第482話 無視されるということ

文字数 606文字

 ぼくにも経験があるけれど、それまで仲良かった人から、理由もいわれず避けらたり、無視されるというのは、悲しいし、いやな思いのするものだ。
 前の職場で同じだったHちゃんが、現在、そのいやな思いをしているという。
 しかも同期入社(彼は10年目近い正社員である)の数人からだというから、これはかなりキツイだろうと想像する。
 それまでの10年近い間、毎週末には、その数名と一緒にメシを食べたり遊んでいたらしい。それが、あるときからプツリと交流が途絶えたというのだ。
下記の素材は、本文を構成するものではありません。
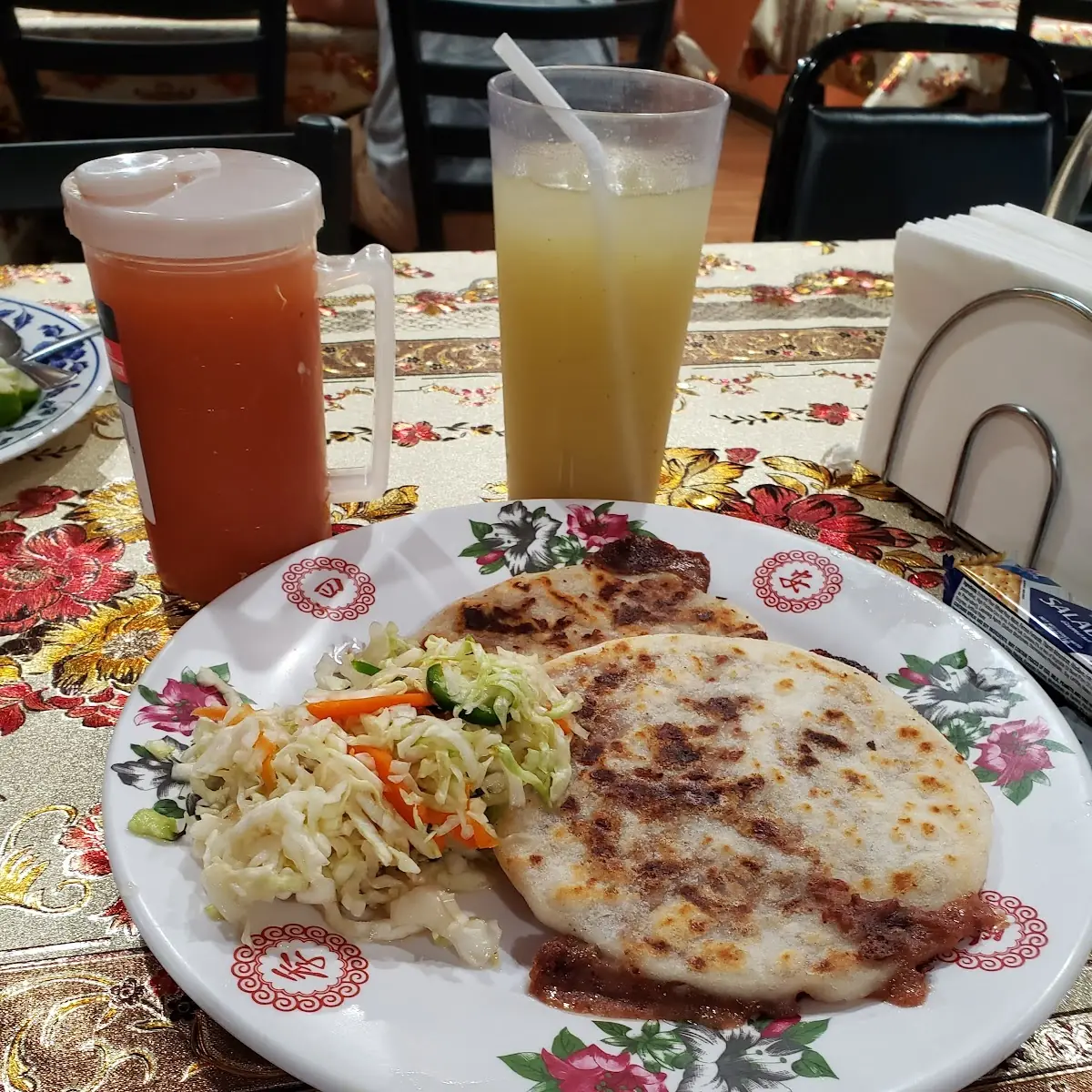 Pupusas Revueltas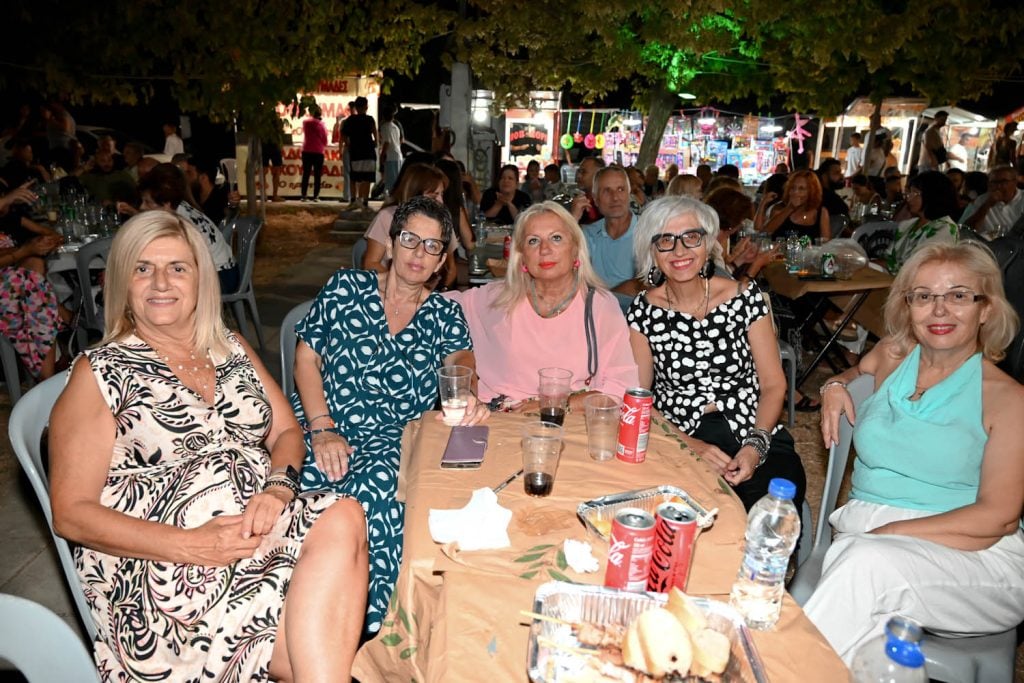 H Πλατεία Αμπελοκήπων πλημμύρισε με κόσμο για τρεις μέρες ΦΩΤΟ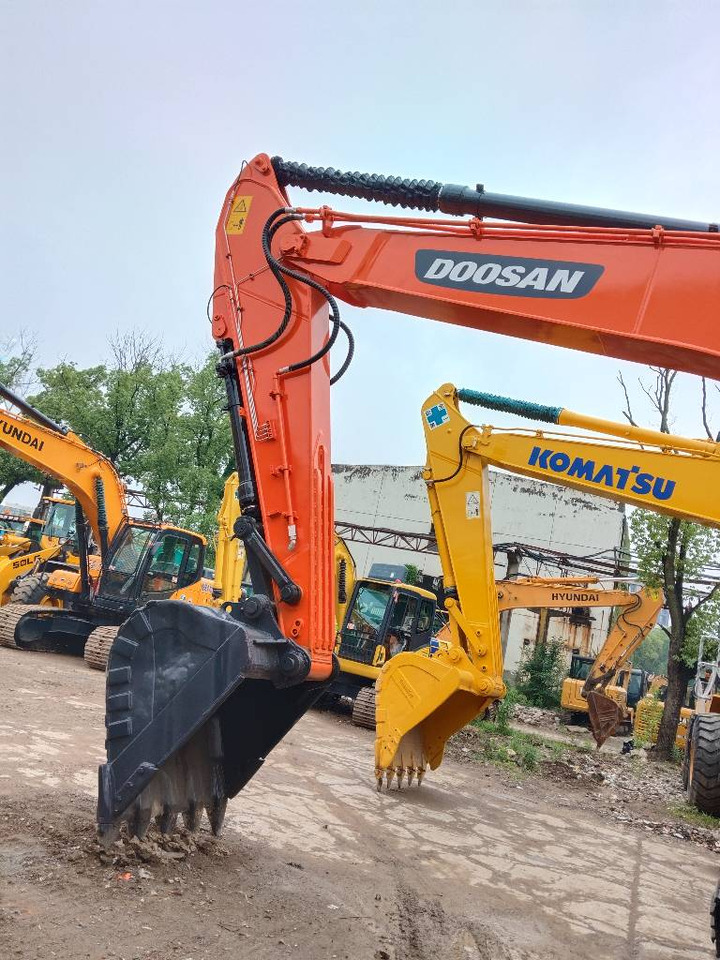 Doosan DX 300 LC - Crawler excavator: picture 2 Doosan DX 300 LC - Crawler excavator: picture 2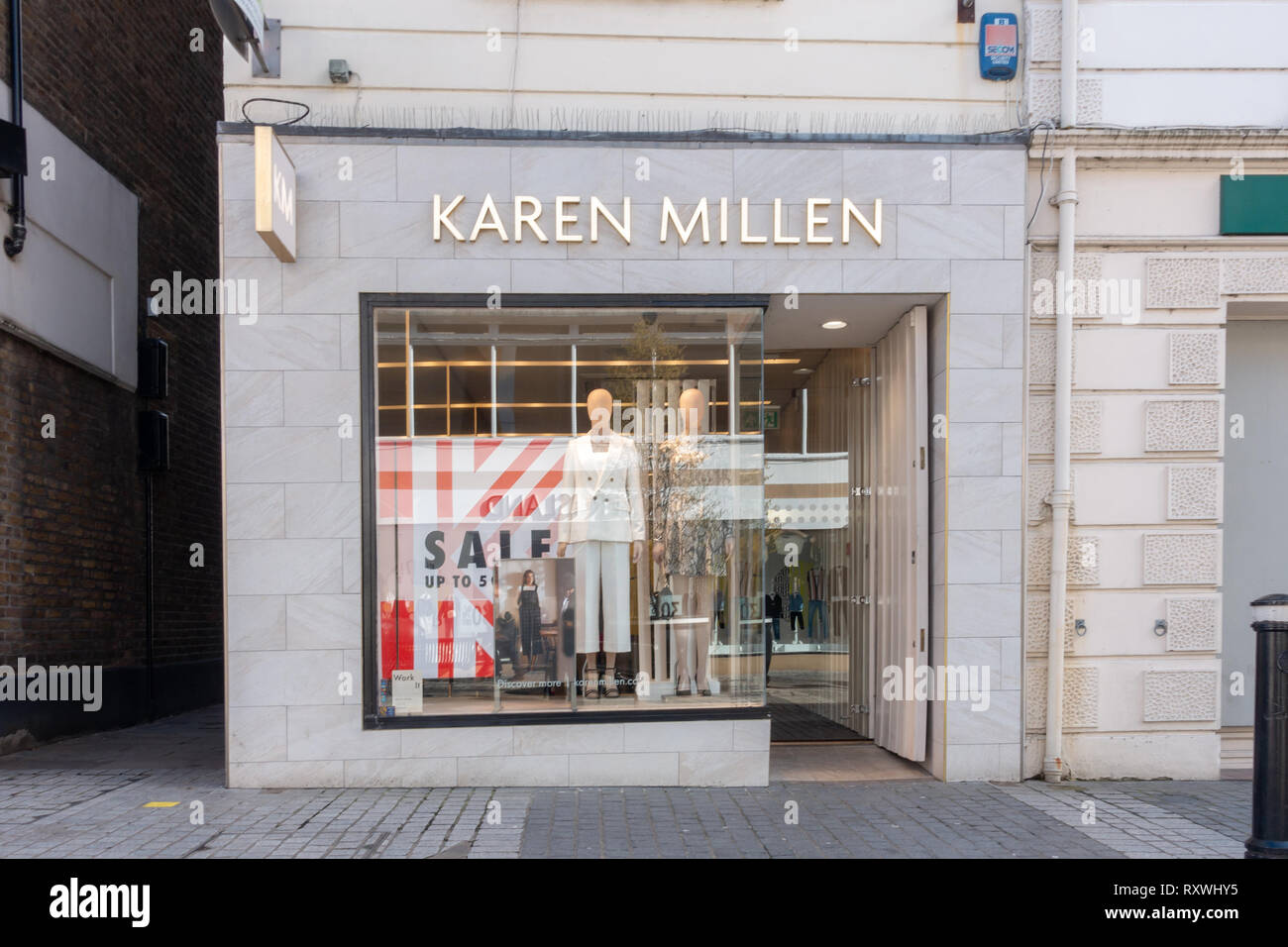 Il ramo di Windsor di Karen Millen negozio di abbigliamento su Peascod Street, Windsor Foto Stock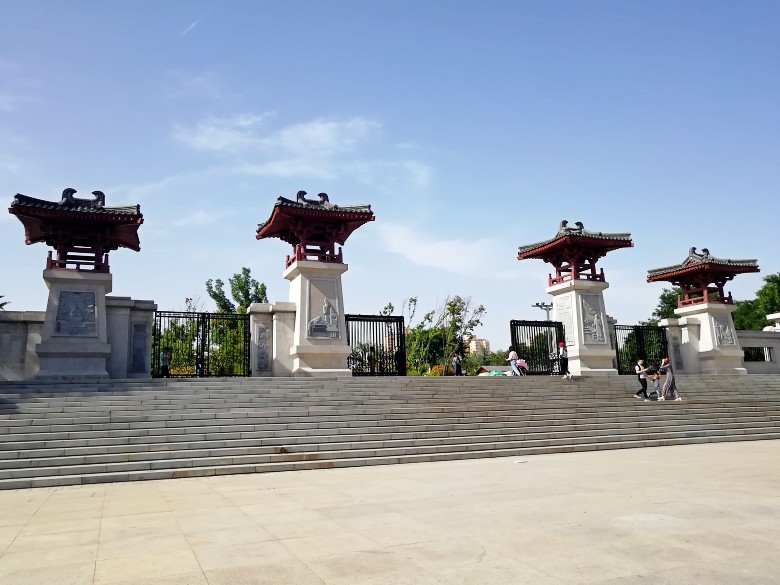 初夏游西安清凉山森林公园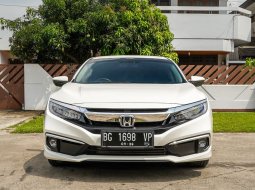 Honda Civic ES Prestige 2020 1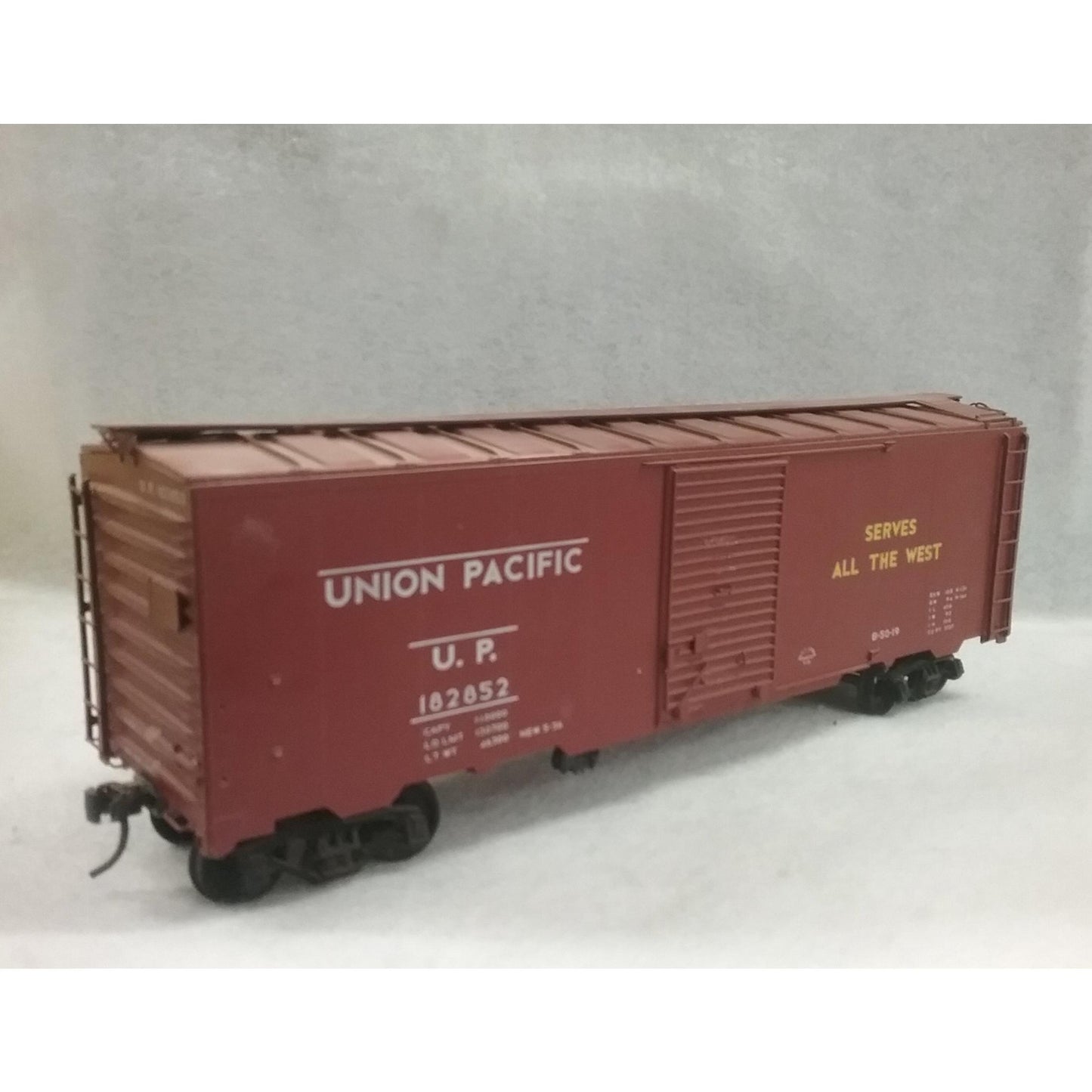 O Scale Intermountain 2 rail Union Pacific 40' Boxcar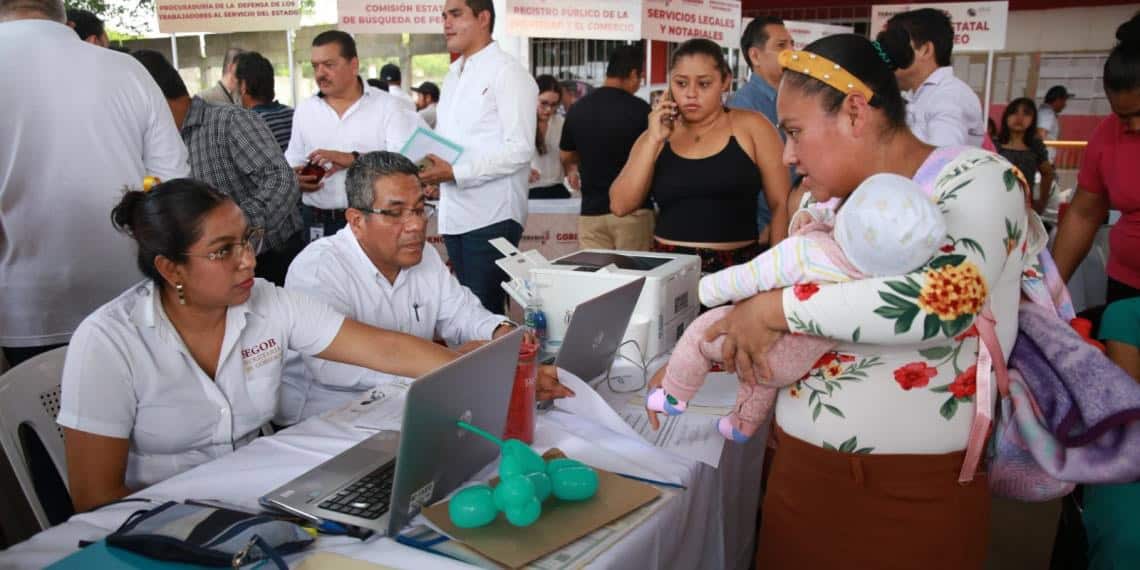 Más de una docena de infantes obtuvieron su acta de nacimiento en Jornadas de Atención al Pueblo en Territorio en Huimanguillo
 いや、かめちゃん、一番腹が立つのはさぁ、ウソつかれることなんだ。今日は用事があるから、って言われて、ああそうか、じゃまたな、って電話切ってさ、でもそいつ、みんなで会ってるんだぜ。
 なんでそういうことするんだ、って訊いても、「すいません」って言うだけなんだ。謝ってほしくなんかない、理由を訊いてるんだ、って言っても、謝ってばかりでさぁ。

 Hちゃん、ほんと、人って、長くつきあってみないと、わからないよ。
 そうだな、ほんとに。あんなヤツだとは思わなかったよ。

 理由を、言ってくれればいいのに、と、ぼくも避けられ、無視をされていた時、思ったものだが。だが、本人に理由も何も告げないことが、避けることであり、無視ということなのだ。

 かめちゃん、明日、遊びに行こうぜ。いろいろ、話したいことあるしさ。
 Hちゃんから電話をもらった。
 彼の車で、明日はドライブである。